▶ **Entries provided**
-- Opening Marker --
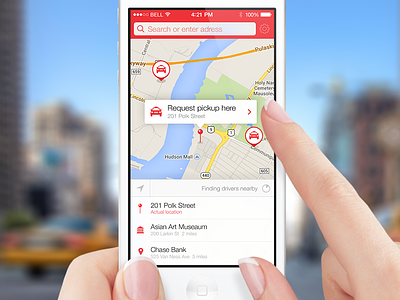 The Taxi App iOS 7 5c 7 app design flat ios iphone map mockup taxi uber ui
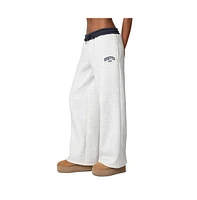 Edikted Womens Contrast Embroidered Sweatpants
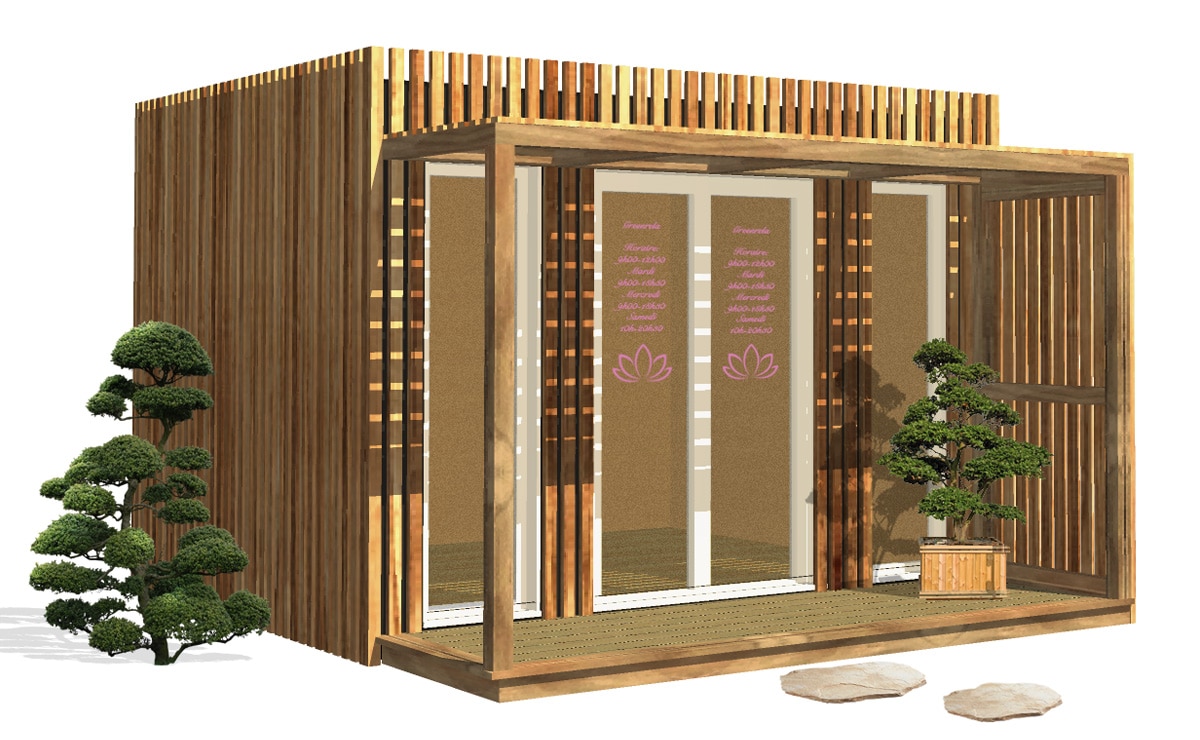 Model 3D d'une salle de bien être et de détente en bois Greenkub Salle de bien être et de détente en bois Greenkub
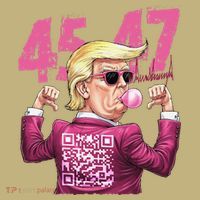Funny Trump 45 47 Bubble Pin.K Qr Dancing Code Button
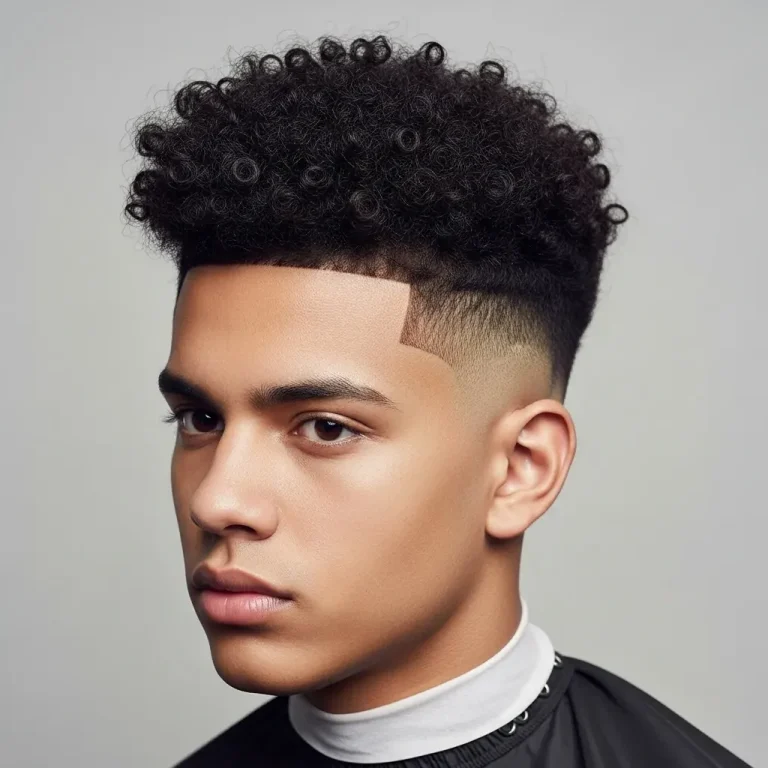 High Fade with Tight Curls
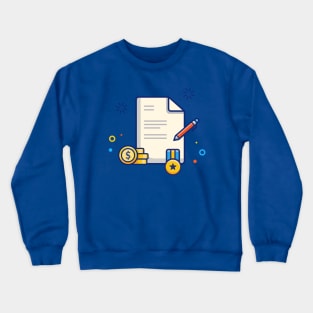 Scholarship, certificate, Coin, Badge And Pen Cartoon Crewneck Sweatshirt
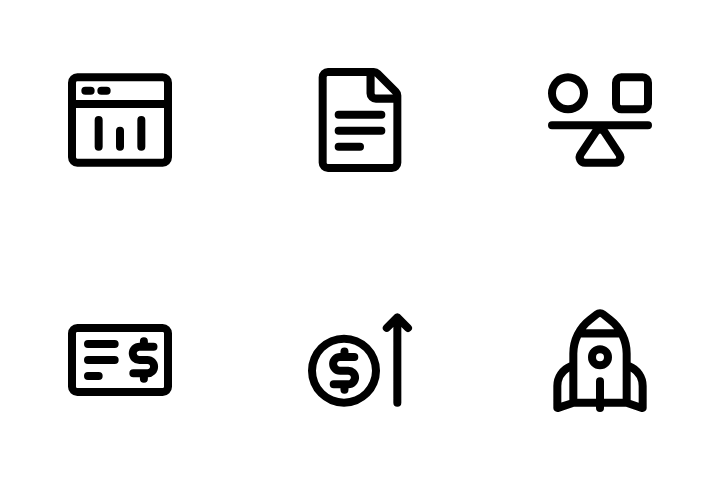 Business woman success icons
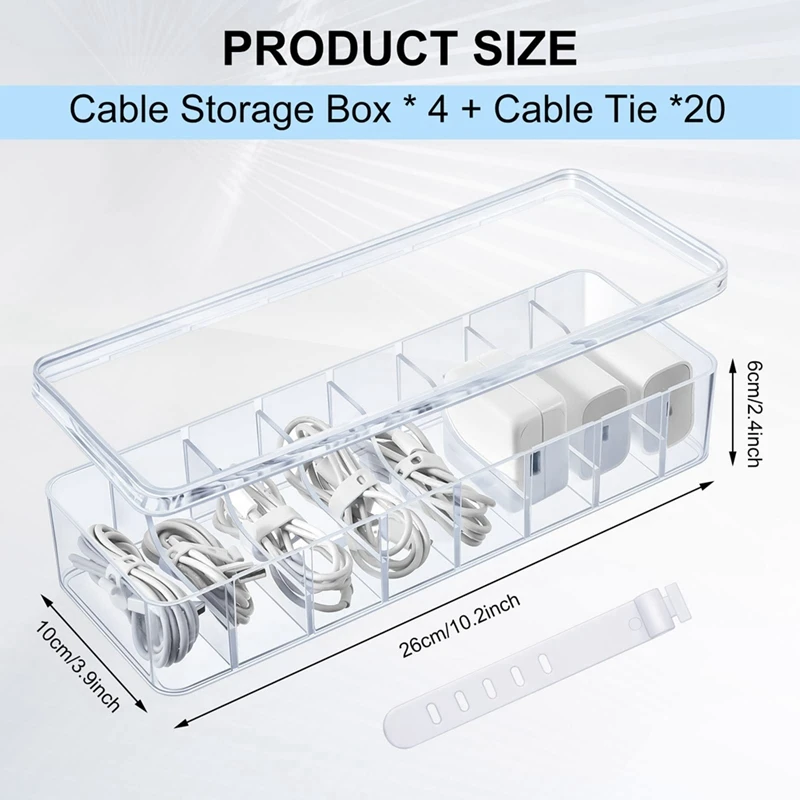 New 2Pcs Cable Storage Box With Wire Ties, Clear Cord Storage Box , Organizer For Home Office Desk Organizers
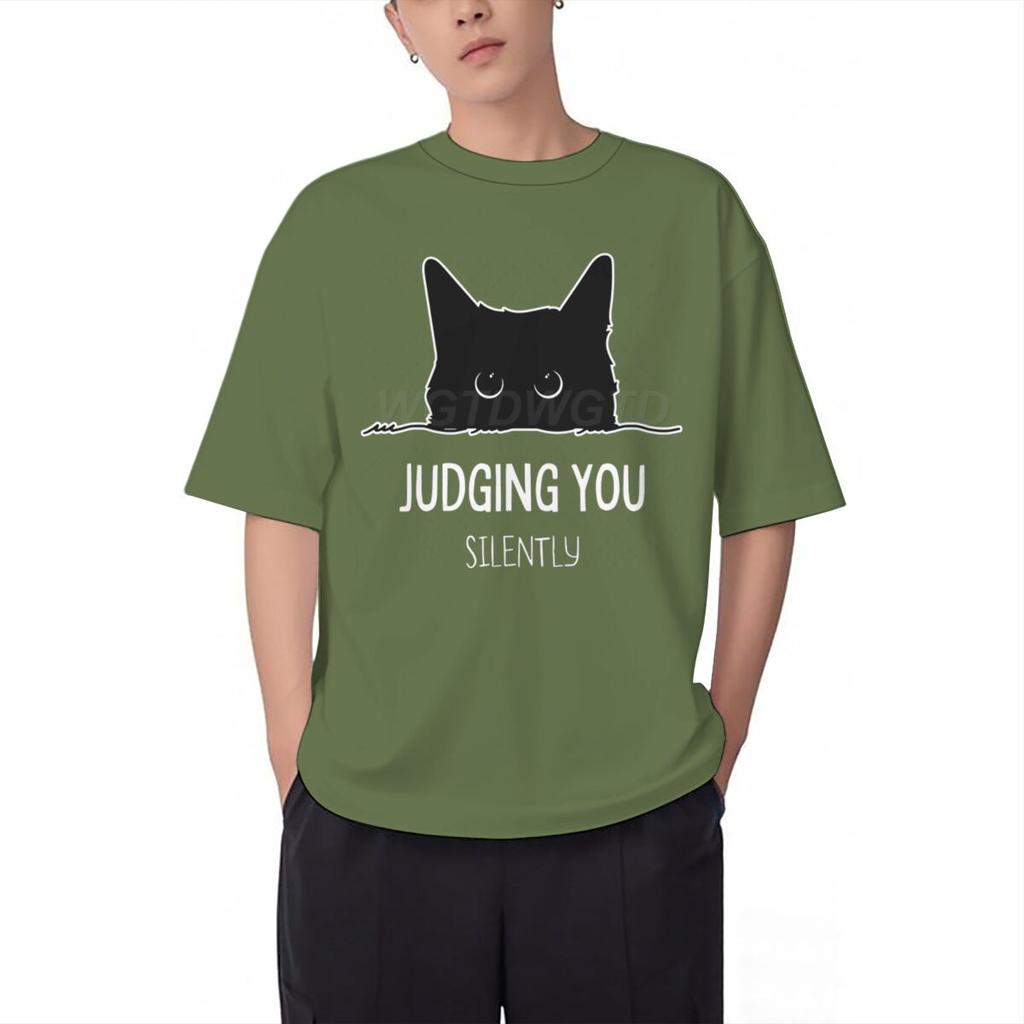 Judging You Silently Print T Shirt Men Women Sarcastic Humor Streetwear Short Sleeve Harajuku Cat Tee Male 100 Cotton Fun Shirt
-- Closing Marker --
-- Opening Marker --
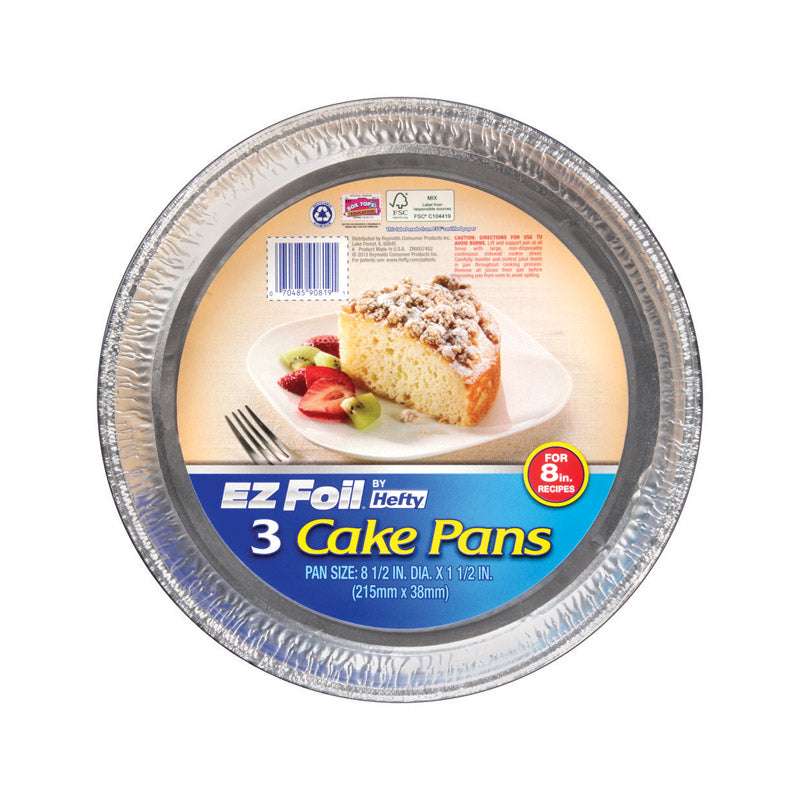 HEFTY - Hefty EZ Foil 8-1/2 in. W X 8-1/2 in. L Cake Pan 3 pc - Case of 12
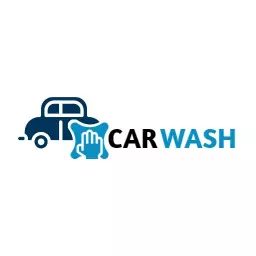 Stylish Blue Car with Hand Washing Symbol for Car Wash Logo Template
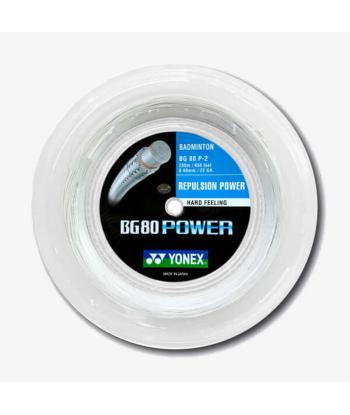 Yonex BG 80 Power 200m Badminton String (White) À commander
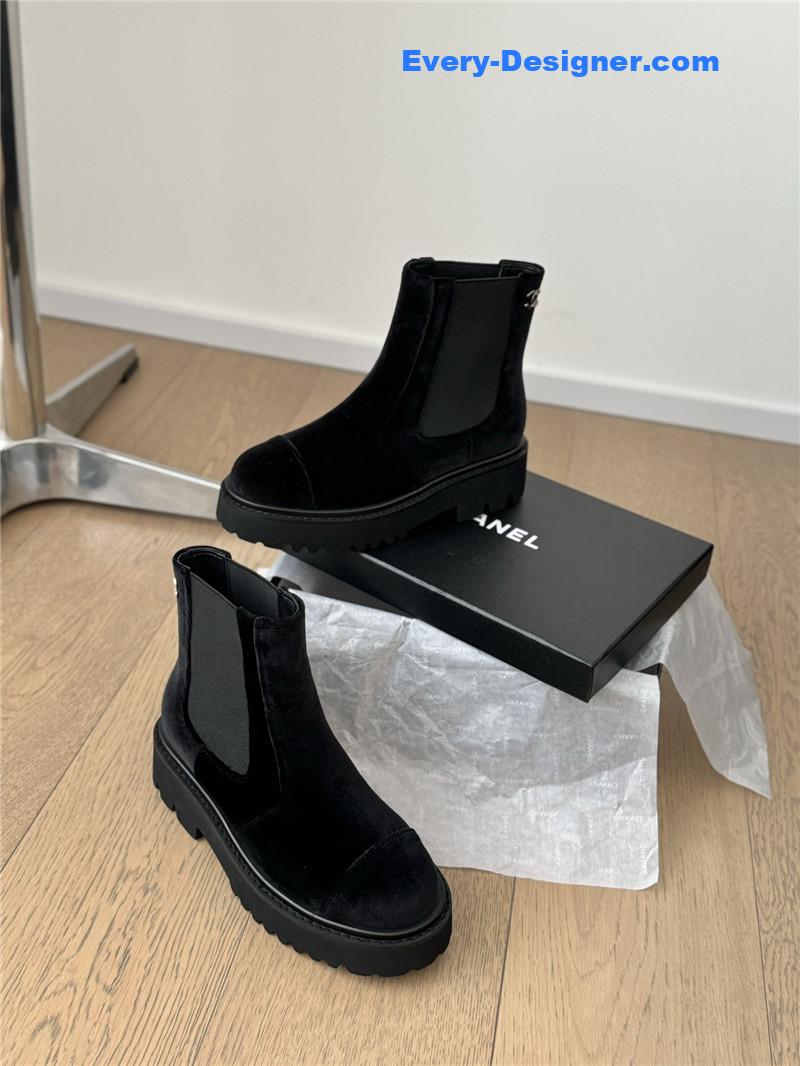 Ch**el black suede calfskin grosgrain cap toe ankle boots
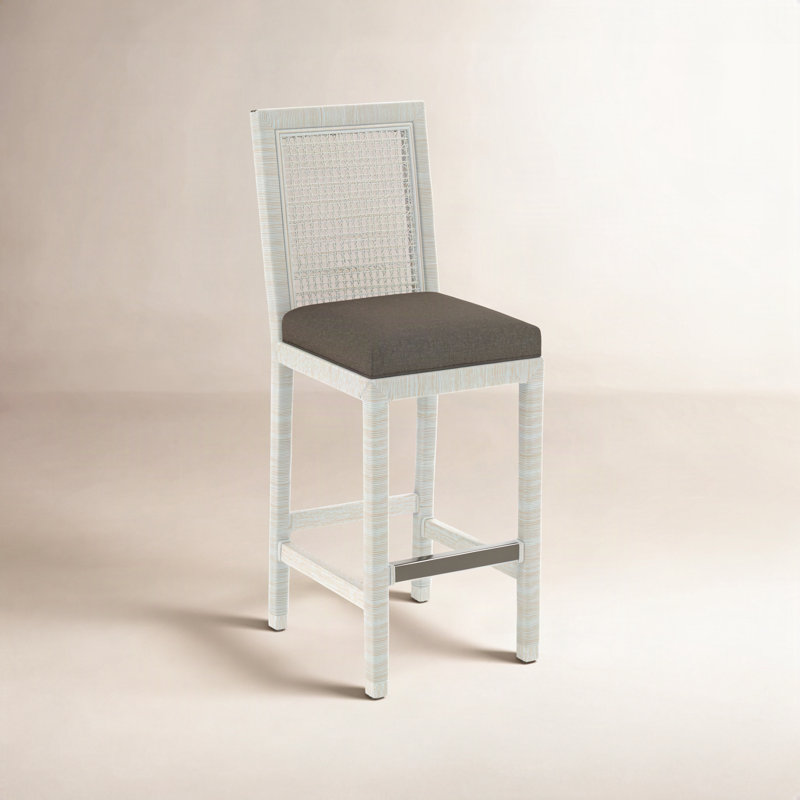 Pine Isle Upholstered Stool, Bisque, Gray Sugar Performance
-- Closing Marker --
▶ **Your goal**
Your copy should hold the lines from the one with "Stylish Blue Car" up to and including the one with "Pine Isle Upholstered", exactly as in the data above, and no pictures.

▶ **Answer box**
 Stylish Blue Car with Hand Washing Symbol for Car Wash Logo Template
 Yonex BG 80 Power 200m Badminton String (White) À commander
 Ch**el black suede calfskin grosgrain cap toe ankle boots
 Pine Isle Upholstered Stool, Bisque, Gray Sugar Performance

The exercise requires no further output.